The hours include "on call" time, so you are not necessarily "doing" something every hour. That being said, you still could have a long period of time on your feet physically doing something like surgery, but to comply with hour regulations this means that you will have more lax periods for the rest of the week.
 
I'm sorry, I don't think I phrased my question clearly. I wasn't exactly asking about number of hours worked. I more wanted to know about the nature of work. Obviously you spend the time taking care of patients, doctoring, so to speak, but are you on your feet the whole time, or do you wait until you're called to do something? How often do you take/how long are breaks?

Now that I think about it, it would probably be better to ask a current resident about these things, but I figured the current med student forums would know more about it than the pre-med people.

Very hospital and service dependent. Big hospitals = more patients and less time to rest. Most follow the basic routine though. You arrive between 4-7 am, depending what service you are on. You check in on your patients and update AM orders. You round with the attending for a couple hours (times vary considerably). Then you grab some food and make sure PM orders are in, then you have noon conference or some derivitive of that, then you put more orders in, then you (sometimes) do afternoon rounds, then you update sign out, discharge summaries, transfer orders, paperwork paperwork paperwork, dictations, etc. Then you sign out and go home.

The importance of the new system is nightfloat. If you are on nightfloat you come in between 7-9 pm and work overnight. Sometimes you can grab some sleep if things are quiet, othertimes you are up all night. Same routine as above, except you write less notes since your just covering.

You are not necessarily up and running all the time or at all. It depends on the service, i.e. ICU, wards, clinic, surgery, trauma, ED, etc.
 
I just realized this was posted in the wrong forum. Moving to pre-allo as it is a pre-med question.

Yes, there are some programs (seems mostly surgical) that violate the hours, but most programs follow the hour rules as there are consequenses if they are caught violating them.
 
How strict is this rule? Seems like many hospitals violate it

As mentioned above, it's not a rule that is 'suggested'. Programs can lose accreditation by violating this rule.

I more wanted to know about the nature of work. Obviously you spend the time taking care of patients, doctoring, so to speak, but are you on your feet the whole time, or do you wait until you're called to do something? How often do you take/how long are breaks?
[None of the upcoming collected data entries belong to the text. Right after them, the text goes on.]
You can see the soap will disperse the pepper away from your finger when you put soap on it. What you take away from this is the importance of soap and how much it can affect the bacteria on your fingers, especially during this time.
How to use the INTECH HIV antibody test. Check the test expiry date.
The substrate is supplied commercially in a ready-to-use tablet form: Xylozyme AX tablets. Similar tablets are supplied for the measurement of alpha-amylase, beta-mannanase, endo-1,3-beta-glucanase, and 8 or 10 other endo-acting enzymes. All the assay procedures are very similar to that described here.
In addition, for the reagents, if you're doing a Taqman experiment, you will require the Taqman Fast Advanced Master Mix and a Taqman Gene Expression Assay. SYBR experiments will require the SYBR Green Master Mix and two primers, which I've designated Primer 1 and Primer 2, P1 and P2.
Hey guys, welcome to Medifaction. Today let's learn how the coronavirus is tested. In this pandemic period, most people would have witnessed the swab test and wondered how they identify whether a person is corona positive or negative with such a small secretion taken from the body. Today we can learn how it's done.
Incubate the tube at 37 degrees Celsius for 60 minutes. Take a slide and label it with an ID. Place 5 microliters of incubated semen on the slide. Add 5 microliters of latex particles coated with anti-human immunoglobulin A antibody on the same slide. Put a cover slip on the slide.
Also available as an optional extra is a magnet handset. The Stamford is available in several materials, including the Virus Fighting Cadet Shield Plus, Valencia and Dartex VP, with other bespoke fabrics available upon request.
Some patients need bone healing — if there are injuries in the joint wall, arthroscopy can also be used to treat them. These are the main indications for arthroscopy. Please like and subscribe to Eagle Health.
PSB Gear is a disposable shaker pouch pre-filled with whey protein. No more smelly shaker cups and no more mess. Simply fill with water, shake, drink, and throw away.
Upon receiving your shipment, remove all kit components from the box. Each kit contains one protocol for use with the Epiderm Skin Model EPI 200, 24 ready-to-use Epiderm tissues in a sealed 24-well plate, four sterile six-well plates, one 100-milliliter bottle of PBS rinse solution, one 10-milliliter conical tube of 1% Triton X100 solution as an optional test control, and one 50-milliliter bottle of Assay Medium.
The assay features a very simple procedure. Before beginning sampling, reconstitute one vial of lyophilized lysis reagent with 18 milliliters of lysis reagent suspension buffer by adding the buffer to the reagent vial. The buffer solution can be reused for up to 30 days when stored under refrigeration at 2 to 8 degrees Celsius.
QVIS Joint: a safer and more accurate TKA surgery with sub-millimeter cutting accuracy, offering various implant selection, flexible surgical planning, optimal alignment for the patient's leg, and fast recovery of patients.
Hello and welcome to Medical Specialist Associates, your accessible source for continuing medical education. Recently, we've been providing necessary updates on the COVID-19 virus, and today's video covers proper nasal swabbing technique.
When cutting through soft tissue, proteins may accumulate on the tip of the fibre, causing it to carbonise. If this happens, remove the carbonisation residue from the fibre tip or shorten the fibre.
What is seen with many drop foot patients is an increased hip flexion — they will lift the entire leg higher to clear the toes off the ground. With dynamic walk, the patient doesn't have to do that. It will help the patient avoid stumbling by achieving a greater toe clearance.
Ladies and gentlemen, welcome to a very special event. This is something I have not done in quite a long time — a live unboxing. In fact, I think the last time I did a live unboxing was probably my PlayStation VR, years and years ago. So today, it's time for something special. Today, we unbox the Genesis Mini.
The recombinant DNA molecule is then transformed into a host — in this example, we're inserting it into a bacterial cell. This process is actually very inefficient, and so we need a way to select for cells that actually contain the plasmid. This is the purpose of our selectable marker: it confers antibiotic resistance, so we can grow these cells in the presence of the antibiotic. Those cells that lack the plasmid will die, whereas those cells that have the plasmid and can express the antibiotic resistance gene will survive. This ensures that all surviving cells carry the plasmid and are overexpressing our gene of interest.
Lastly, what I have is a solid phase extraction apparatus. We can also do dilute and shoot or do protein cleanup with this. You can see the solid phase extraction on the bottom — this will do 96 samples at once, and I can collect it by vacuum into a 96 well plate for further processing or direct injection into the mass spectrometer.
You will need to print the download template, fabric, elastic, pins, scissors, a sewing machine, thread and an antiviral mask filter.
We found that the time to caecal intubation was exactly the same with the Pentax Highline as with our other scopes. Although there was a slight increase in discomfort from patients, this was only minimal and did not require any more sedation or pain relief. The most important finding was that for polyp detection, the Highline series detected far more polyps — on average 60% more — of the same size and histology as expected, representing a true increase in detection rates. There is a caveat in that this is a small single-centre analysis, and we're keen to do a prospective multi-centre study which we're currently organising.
It varies. We do short call with the residents, where we admit on our on call day and stay until 8. My first call day, I didn't leave the hospital til 10 because 8 was the first chance I had to sit down and write my notes... we were running around and admitting patients from the ICU and ED all day (9 patients total, I think).

Yesterday I was on call again and left at about 8:30, and we only admitted 4 patients. The extra time after 8 was spent helping the intern update sign-out for the night float team (since we do cross-cover for 3 other teams from 5 til 8). My resident stayed a lot later because one of the patients we admitted wasn't doing so well and had to be transferred to the MICU.